And if they think that the issues have not been addressed, well, then they
don't understand and there is little I can do about that too.
Key in your statement are debate and healthy:
there must be a debate and it must be healthy. In most cases neither
is true, and that includes your arguments.
1st, normalization is not a tool, but a set of design
principles/guidelines.
2nd, let me get this straight: are you saying that because
normalization does not address every possible design flaw, then it should
not address any of those that it can address? And if relational design
addresses intra-table dependencies separately from normalization, then
normalization should not be used to address those dependencies that it
can address?
You've got the common problem of poor reasoning. How people
who cannot think logically can do good work in a field founded on logic
escapes me. It's like a quantum theorist who does not know mathematics.
3rd, you avoid answering my questions by asking
another. To repeat:
·
Why is denormalization less costly than
normalization?
·
Is corrupt data a cost of denormalization and does it
enter in your cost-effectiveness calculations at all? If so, how?
Answering this question would make your question (2) moot -
more evidence of poor reasoning.
It says something about the quality of discourse (and
intellectual abilities) in the IT world that all reactions to my article
completely ignore the core of its message: the integrity cost of
denormalization. And you call this "healthy debate that stimulates"?
Sounds like you need much more than [reading my site].
From: AC
I'll be frank: I think you're dragging this debate all over
the place. My original question was simple... where does cost come into the
database design picture. In your article you position normalization as the
be-all-and-end-all of database design, when in fact, I posit, *efficiency* is
the be-all-and-end-all. Normalization is simply a tool for achieving efficiency
in a database that is prone to random access update. Yes, it is very satisfying
in it's application; yes, I'm sure a lot of your correspondents are morons, but
no, and no again, normalization does not address cost, and so cannot be
considered a complete methodology for database design.
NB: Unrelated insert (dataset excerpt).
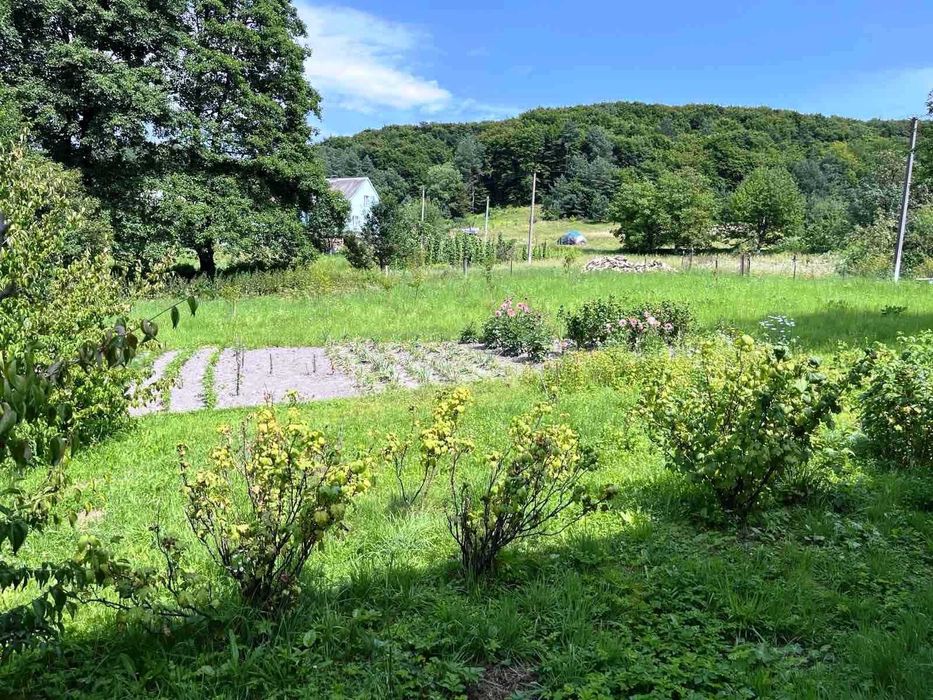 Продаж будинку + 1 гектар землі в с.Тростянець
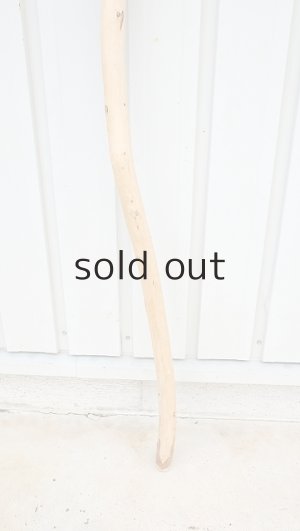 画像2: 棒流木・長尺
I will not be drawn into defending denormalization, I don't
advocate it, and I am not its apologist. I'm merely suggesting that there is
more work in this area that still needs to be done to address cost, in all its
forms, at the logical level.
Let me briefly change the subject. I greatly admire your work
and your apparent goals, but you, after all, for all your comedic vitriol, are
just as human as those poor sods learning database design from "J2EE for
Dummies", and treating these people as less than you is not helping your
cause. You see, normalization does not have any problems addressing
"intra-table dependencies". In fact, there is no such term. I
invented it. No, nothing to do with an improvement suggested by Ling, Tompa,
and Kameda. Gotcha. ;)
From: Fabian Pascal
It is now obvious that your problem is more serious than just
[lack of] technical knowledge and understanding--you don't seem to have
understood anything in my replies and ignored all my questions and challenges.
You keep repeating the same vague, meaningless statements and I get the
distinct impression that you simply cannot address the problems in your
arguments that I raised. No wonder you want to change the subject from
technical issues (which you claimed this is all about) to style issues, which
are irrelevant to the arguments at hand.
As to your gotcha, you have actually put your foot in your
mouth. It so happens that there is such a thing as intra-table
dependencies--this is in fact what normalization is all about!! The notion that
you "invented" the term makes it very clear that you don't understand
the subject you purport to argue about. What is more, neither did you catch my
own "gotcha" (although I did not intend it to be that): normalization
does deal with those dependencies. So you see, you're out of your
league.
I find that this exchange is--as I suspected from the
beginning--neither a debate, nor stimulating, but a waste of time. Should have
listened to my gut and never allowed myself yet again to be baited into this
kind of nonsense--my instincts are almost always right.
I will post the exchange on the site and let the readers
decide if there is anything behind your "cost" and
"efficiency" mantra, who got whom, and what is being dragged where.
Ed. Comments: That a “DBMS expert” with
“years of experience”
knows so little about the foundation of his field and exhibits such inability
to see the logical implications of his arguments is excellent evidence for my
take on the sad state of database management. For consider:
Ø Relational
theory is not just “a body of developing knowledge” or “purports to be
applicable only to the design of real-world databases”. It is the scientific
foundation of database management - logic as it applies to databases. Does AC
mean that the correctness of databases and the answers they produce - of which
logic is the guarantor--is not part of user requirements? How can logic be
“fundamentally different” than those requirements? And if it is, what does AC
propose as an equivalent/better substitute? AC got it backwards here: the sad
story is precisely that database practice diverges from, instead of converging
with logic, as it should. That does not reduce costs, it increases them (By
correctness I mean, of course, the only kind a DBMS is capable of ensuring,
namely consistency, see PRACTICAL
ISSUES IN DATABASE MANAGEMENT).
Ø Says
AC “Costs need not be rooted in any physical implementation. We might simply
allow that a the cost of a particular join is some function of the number of
rows of the relevant tables, perhaps, or some function of the number of tables
involved, or an arbitrary constant, or anything”. But unless the join is
performed - that is, executed physically - what on earth is its so-called
“logical cost” and how does the number of tables or rows enter into it? And how
can any theory be applicable to anything arbitrary? (AC seems to subscribe to
the notion, rather common in the industry, that theory is “just theory and,
therefore, not practical”, which is, of course, bunk. Would he advocate
building bridges that violate physical theories, to produce “less costly”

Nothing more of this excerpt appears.